Town improvements going forward will include major renovations on the west end of University Avenue that lies in Mesilla – the town is working with the New Mexico Department of Transportation (NMDOT) on that project.

The multi-million-dollar project will create “a safer environment” for students walking and biking to Zia Middle School (which Barraza attended), she said, and will also make the school safer for parents picking up their children at the school.

That is an initiative Barraza said she is working on with Las Cruces Public Schools (LCPS), for whom she worked for 30 years as a secretary before retiring in 2003.

“We're working on pedestrian and bike safety at Zia with the new NMDOT infrastructure project that will be going in next year on University Avenue,” said LCPS Safe Routes t Schools Coordinator, Ashleigh Curry. LCPS has one of the most successful SRTS program in the United States. It began at Mesilla Elementary School.

Barraza’s success as mayor, she said, is “all about working with the people in the community.”

The town is joining others around the state in upgrading its police and fire radio communications systems from analog to digital, Barraza said. That likely will cost about $500,000.

Barraza said she has already made two trips to Santa Fe during the 2023 legislative session to meet with legislators to seek support for the upgrade and other town capital improvements, including drainage improvements, sewer system and manhole rehabilitation, purchasing a street sweeper, road improvements, drilling a new well and buying a new vehicle for the Mesilla Marshal’s Office.

Doña Ana County legislators “are very supportive,” Barraza said.

Mesilla has faced recent staffing challenges, Barraza said, during which she lent a hand with community development and in the town clerk’s office.

“Whatever it takes to do the job, I will step in to best of my ability,” Barraza said.

She said Gloria Maya was promoted to town clerk from deputy town clerk in February. The town, she said, is seeking a new fire chief to replace Kevin Hoban, who retired at the end of the year.

Hoban “set a very high standard,” Barraza said. “I feel we have the best volunteer fire department in the whole state of New Mexico.”

Renovations to the town public safety building included providing sleeping quarters, a kitchen, showers and a TV room for volunteer firefighters, she said.

Barraza said she also is “very satisfied” with the service provided by Mesilla Town Marshal Enrique Salas and his staff.

The majority of Mesilla’s gross receipts tax collections come from visitors to the community, and it is important to continue that, she said. But the town also must “preserve our history” and the community events and activities that are “special to us,” and share that experience with visitors.

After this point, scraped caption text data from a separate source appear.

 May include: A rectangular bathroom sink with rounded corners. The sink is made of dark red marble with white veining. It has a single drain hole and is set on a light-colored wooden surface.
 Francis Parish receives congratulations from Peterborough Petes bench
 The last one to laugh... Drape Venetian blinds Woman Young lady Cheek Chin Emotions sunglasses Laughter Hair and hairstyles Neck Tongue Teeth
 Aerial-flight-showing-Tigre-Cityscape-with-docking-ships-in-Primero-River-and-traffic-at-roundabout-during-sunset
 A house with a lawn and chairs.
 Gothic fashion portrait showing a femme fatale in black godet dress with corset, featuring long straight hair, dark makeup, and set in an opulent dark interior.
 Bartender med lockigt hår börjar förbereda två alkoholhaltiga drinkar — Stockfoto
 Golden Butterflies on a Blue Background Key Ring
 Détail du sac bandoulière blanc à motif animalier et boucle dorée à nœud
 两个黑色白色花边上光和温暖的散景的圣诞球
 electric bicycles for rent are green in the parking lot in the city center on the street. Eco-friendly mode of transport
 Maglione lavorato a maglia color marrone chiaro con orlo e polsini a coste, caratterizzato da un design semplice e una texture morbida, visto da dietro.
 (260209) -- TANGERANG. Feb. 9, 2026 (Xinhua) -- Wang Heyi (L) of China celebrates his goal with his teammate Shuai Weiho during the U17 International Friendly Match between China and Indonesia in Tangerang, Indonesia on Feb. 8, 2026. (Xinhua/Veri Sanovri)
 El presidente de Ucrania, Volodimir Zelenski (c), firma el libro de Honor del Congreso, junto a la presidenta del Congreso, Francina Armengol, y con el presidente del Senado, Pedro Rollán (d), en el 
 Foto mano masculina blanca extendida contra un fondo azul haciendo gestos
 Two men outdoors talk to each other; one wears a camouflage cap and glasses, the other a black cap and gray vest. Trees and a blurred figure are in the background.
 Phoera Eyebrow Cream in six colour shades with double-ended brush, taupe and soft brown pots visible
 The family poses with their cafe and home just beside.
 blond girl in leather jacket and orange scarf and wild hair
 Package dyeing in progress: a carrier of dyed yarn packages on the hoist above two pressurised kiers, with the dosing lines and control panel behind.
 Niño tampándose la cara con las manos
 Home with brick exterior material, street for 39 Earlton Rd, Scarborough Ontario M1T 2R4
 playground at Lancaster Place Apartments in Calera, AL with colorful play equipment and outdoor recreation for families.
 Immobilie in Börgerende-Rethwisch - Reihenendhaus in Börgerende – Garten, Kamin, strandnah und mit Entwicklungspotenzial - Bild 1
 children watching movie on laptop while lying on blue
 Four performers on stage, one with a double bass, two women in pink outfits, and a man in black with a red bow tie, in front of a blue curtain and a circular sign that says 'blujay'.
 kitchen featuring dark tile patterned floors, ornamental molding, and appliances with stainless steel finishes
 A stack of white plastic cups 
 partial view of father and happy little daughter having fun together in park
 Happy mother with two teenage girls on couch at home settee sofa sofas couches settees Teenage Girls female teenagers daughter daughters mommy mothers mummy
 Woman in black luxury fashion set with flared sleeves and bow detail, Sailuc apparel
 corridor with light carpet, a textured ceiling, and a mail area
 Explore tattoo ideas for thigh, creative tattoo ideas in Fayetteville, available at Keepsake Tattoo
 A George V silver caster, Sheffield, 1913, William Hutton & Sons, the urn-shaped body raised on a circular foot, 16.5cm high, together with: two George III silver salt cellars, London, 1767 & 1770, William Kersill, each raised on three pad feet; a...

During her two trips to Washington, D.C. to advocate for the creation of Organ Mountain Desert Peaks National Monument, Barraza said she stressed “the importance of preservation.”

Barraza is fifth generation Mesillera.

“That’s why I take my role so seriously,” she said. “My roots are here. My heart is definitely here in the Town of Mesilla.”

Barraza, the third of six children, was the last one born in her parents’ Mesilla home, she said.

She and her husband, Paul, have been married for 48 years and have two children and four grandchildren.

Barraza said Mesilla icon J. Paul Taylor, who died in February at age 102, was a long-time friend and mentor.

“His legacy will live on for the Town of Mesilla and the whole community,” she said.

After her retirement from LCPS, Barraza was office manager for the Basilica of San Albino in Mesilla for two years before she was elected mayor.

She currently serves as chair of the South Central Council of Governments, vice chair (and former chair) of the South Central Regional Transit District Board of Directors and a member of the New Mexico Municipal League, Mesilla Valley Metropolitan Planning Organization and the J. Paul Taylor Museum Board.